『フリースタイルダンジョン』3rd SeasonのRec7-2。

深夜の名バトルすごかった。

審査方法を練り直すほうがいいんじゃないかと思っちゃうほどの熱戦であった。
進化していくチャレンジャーのバトルをもっと観たかったなー。

前回、1stBattleのCHICO CARLITOと漢a.k.a.GAMI、2ndBattleのTKda黒ぶちを打ち破った戦極ライマーズ。
9for
MC KUREI
SAM
の3人である。
「フリースタイルダンジョン」大熱戦、審査方法がそろそろ限界じゃないかな
フリースタイルイラスト/小西りえこ

チャレンジャーがモンスターに挑戦して勝ち抜けば賞金100万円の即興のラップバトル番組。
即興で、韻を踏みながら、言葉とリズムを相手にぶつける8小節3ターンの勝負だ。
3本勝負、2本先取で勝利。
ただし、判定が全員一致するとクリティカルとなり即勝利確定である。

3rdBattleは3on3。
モンスターは、R-指定とT-Pablowとサイプレス上野。
チャレンジャーが、組む相手を指定してくると、R-指定が「まあまあ始まってから、それは。流れやからセックスと一緒で」と語る。


ROUND1。
「ネタくさいライムばっか 9forのマイナス1で【コンプラ】振りかけてやろうかテメェ」
R-指定のコンプラは、おそらく「8×4」(エイトフォー)。
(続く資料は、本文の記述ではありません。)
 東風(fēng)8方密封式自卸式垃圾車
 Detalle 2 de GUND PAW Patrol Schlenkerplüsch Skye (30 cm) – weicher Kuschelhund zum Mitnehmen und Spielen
汗ケア、花王の商品です。
このR-指定の「臭えんだこの野郎」ディスに、
「まぁ【コンプラ】かけられてもピースサイン足してもらえれば10になるから天に飛びたどうぜ」
と、きっちり足し算して返すパワーすげぇ。
「これ早口じゃなくてフロウって言うんだよ 分かるか? お前らとの違い 魅せてくこれはイージーゲーム 異次元に連れてくお前らのBGM」
と、T-Pablowの速射砲のようなフロウ。
そう、この3on3、韻の対決はもちろん、フロウの変化が波乱万丈、各人のフロウ・バリエーションを見せつける戦いでもあった。
「地下のユートピア」「ミラノ風ドリア」「みんなぶっ飛びな」とガッチリ韻を踏んできた戦極ライマーズに、
サ上さんが「ミラノ風ドリア こいつら激安の【コンプラ】」と返す。
サ上さんのコンプラは、「サイゼリヤ」か?
どちらのチームも、韻の組み立てがコンプレックスにがっちりぐるぐる組み立てられていて、この人たちどれだけ言語中枢フルスロットルなんだ。
ROUND1の判定は、モンスター3、チャレンジャー2でモンスターの勝利。

ROUND2もめちゃくちゃ熱戦。
最後に9forが「この差 くたばれバカ 髪の毛見てても砂かけ婆」なんてディスって、これにはR-指定も苦笑い。
1対4でチャレンジャー勝利。

Lilyさんが「Rさんは「さん」づけて、サ上に南京錠とかサ上さんは「さん」がつかないんだ、って発見がありつつ」と余計なことを言ってw、
さらに「髪の毛、砂かけ婆って、あー本当だちょっと似てると思って」と、最近Lilyさんの審査ディスが強烈だ。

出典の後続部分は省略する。